INSTRUCTIONS FOR THE TASK
Start the copy at the line containing "Frez do gwintowania" and run it through the last line of the records. Repeat each line exactly; omit pictures.

┌─ WORKING DATA

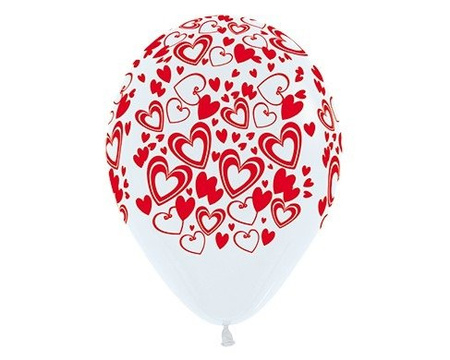 Balony Sempertex Podwójne Serca 12'' 12 szt Mix biało-czerwony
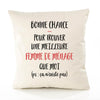 Housse de Coussin Premium Femme de ménage ça n'existe Pas - Coton Canvas Fairtrade Beige Idée Cadeau Décoration Canapé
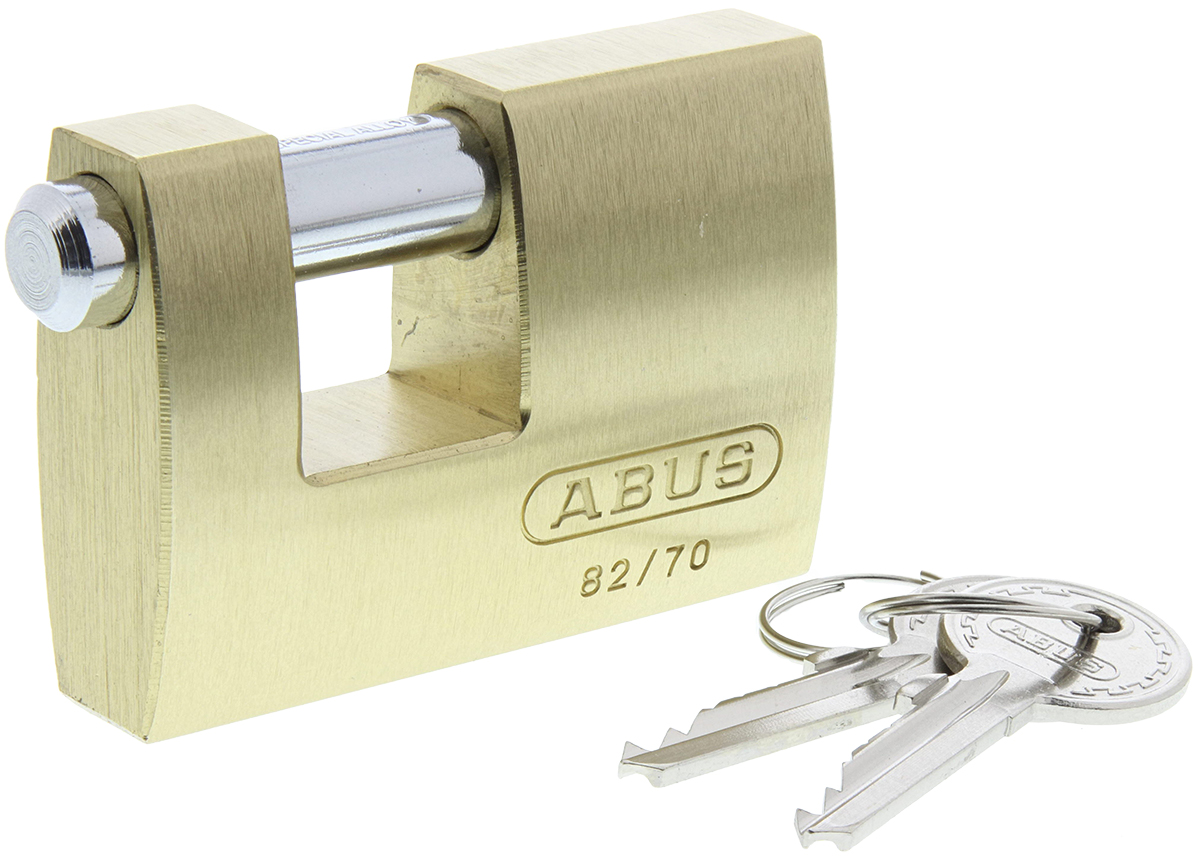 ABUS Keyed Brass, Steel Padlock Weatherproof, 12 mm Shackle, 70 mm Body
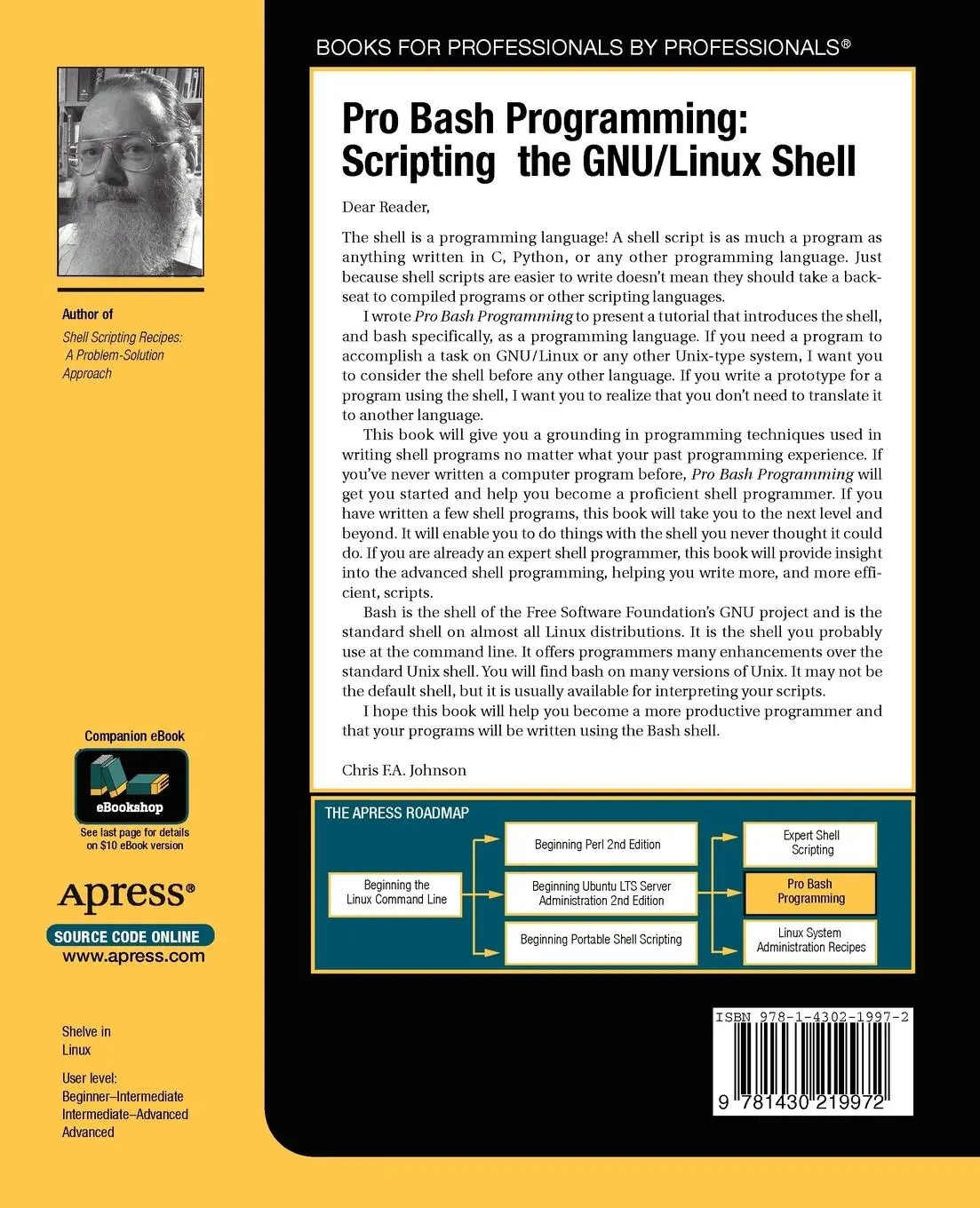 Rückseite: 9781430219972 | Pro Bash Programming | Scripting the Linux Shell | Chris Johnson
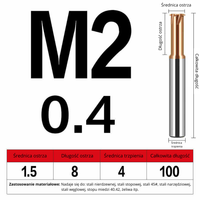 Frez do gwintowania jednoostrzowy Rozmiar: M2x0.4x100L -TiSiN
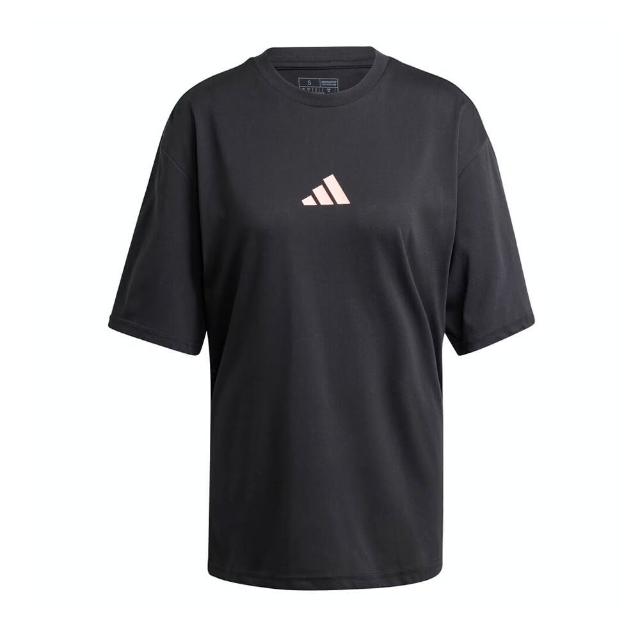 【adidas 愛迪達】W STR G T 女 短袖 上衣 T恤 寬鬆 運動 訓練 休閒 吸濕排汗 黑(IW0135)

└─

WRITTEN RESPONSE
 Frez do gwintowania jednoostrzowy Rozmiar: M2x0.4x100L -TiSiN
 【adidas 愛迪達】W STR G T 女 短袖 上衣 T恤 寬鬆 運動 訓練 休閒 吸濕排汗 黑(IW0135)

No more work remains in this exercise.